[Input for this task — start]

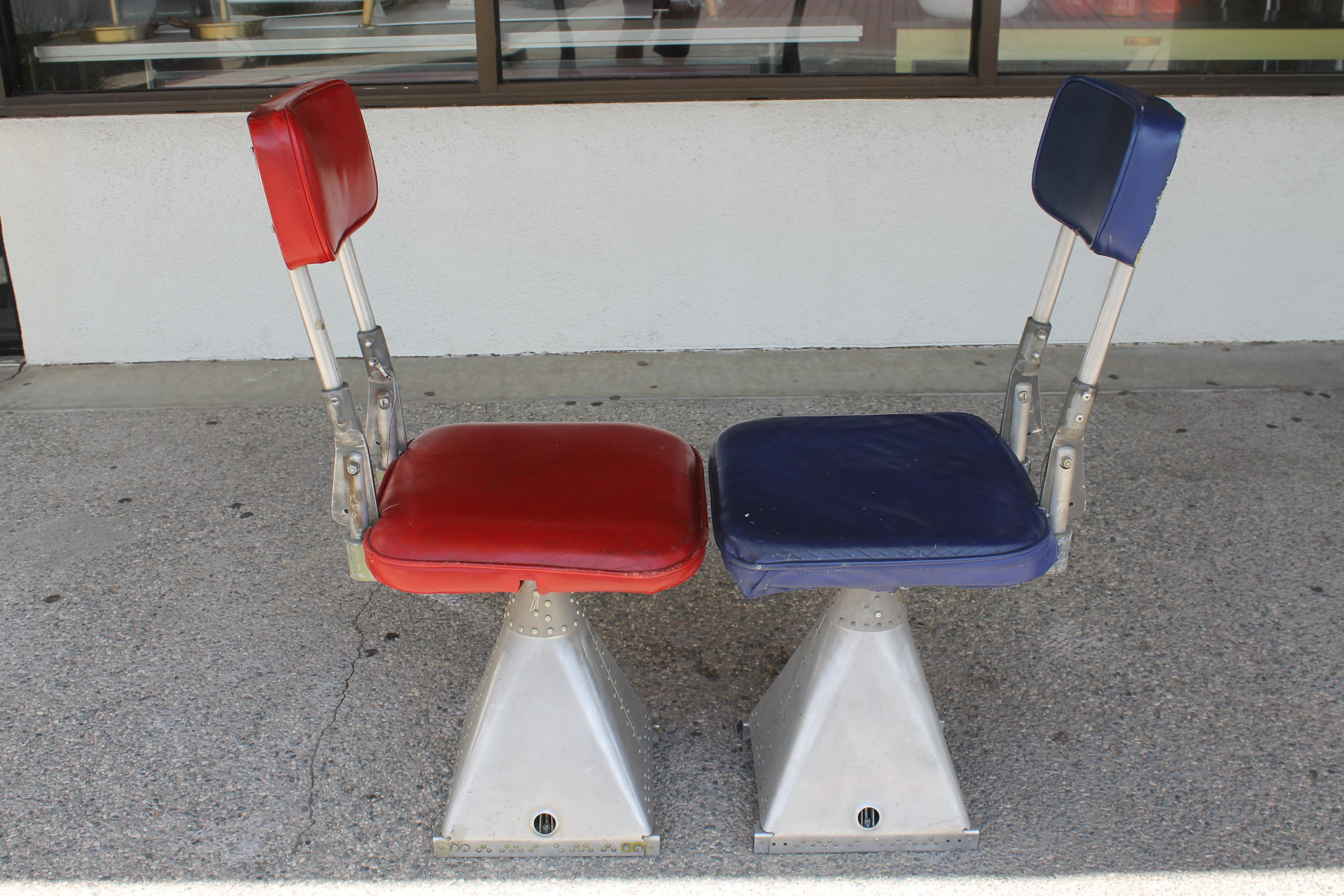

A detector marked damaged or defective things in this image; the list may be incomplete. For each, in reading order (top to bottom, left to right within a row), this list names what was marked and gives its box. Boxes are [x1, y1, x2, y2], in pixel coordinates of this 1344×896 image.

crack in pavement [294, 588, 379, 854]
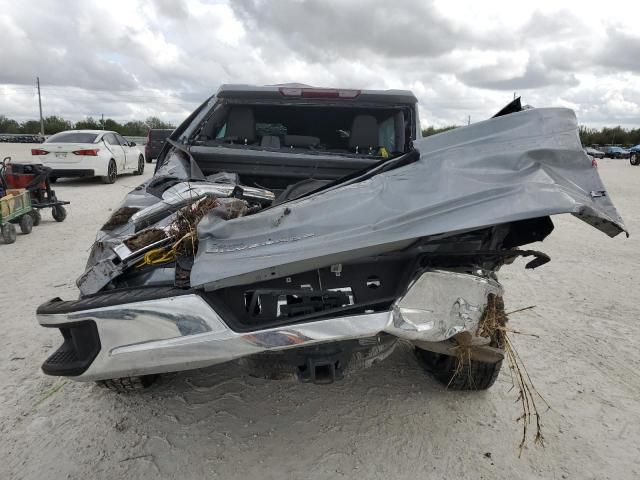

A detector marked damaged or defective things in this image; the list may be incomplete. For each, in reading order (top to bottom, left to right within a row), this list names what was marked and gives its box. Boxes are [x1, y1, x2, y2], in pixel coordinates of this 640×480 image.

wrecked pickup truck [36, 85, 624, 390]
torn sheet metal [190, 106, 624, 288]
crumpled hood [191, 106, 624, 288]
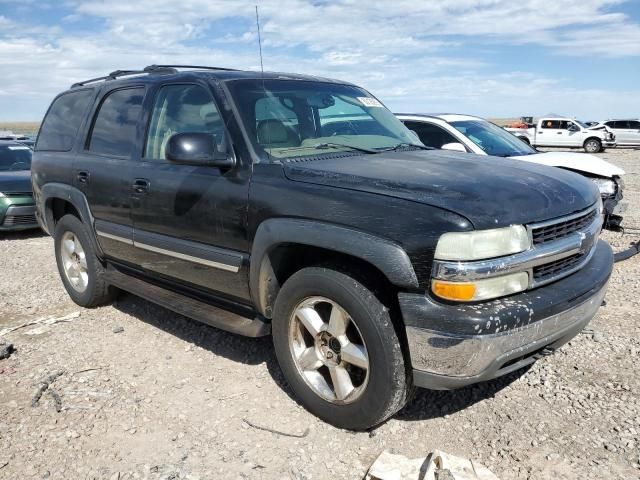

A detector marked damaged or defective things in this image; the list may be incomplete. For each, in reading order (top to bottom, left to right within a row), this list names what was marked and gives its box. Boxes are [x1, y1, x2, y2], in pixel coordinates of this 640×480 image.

damaged white vehicle [400, 114, 624, 231]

[Input for this task — finish]

§ **Aim of the exercise**
The records are to be returned verbatim. Skip any picture they contain.

§ **Reply to the task**
A detector marked damaged or defective things in this image; the list may be incomplete. For each, in reading order (top to bottom, left to right within a row), this list names what was marked and gives its box. Boxes are [x1, y1, x2, y2], in pixel coordinates of this 1344×896 image.

crack in pavement [294, 588, 379, 854]

A detector marked damaged or defective things in this image; the list may be incomplete. For each, in reading order (top to bottom, left to right within a row), this list names what was marked and gives its box. Boxes are [x1, y1, x2, y2], in pixel coordinates of this 640×480 image.

wrecked pickup truck [36, 85, 624, 390]
torn sheet metal [190, 106, 624, 288]
crumpled hood [191, 106, 624, 288]

A detector marked damaged or defective things in this image; the list may be incomplete. For each, in reading order (top to bottom, left to right within a row), this list names what was marked and gives its box. Boxes are [x1, y1, x2, y2], in pixel coordinates of this 640×480 image.

damaged white vehicle [400, 114, 624, 231]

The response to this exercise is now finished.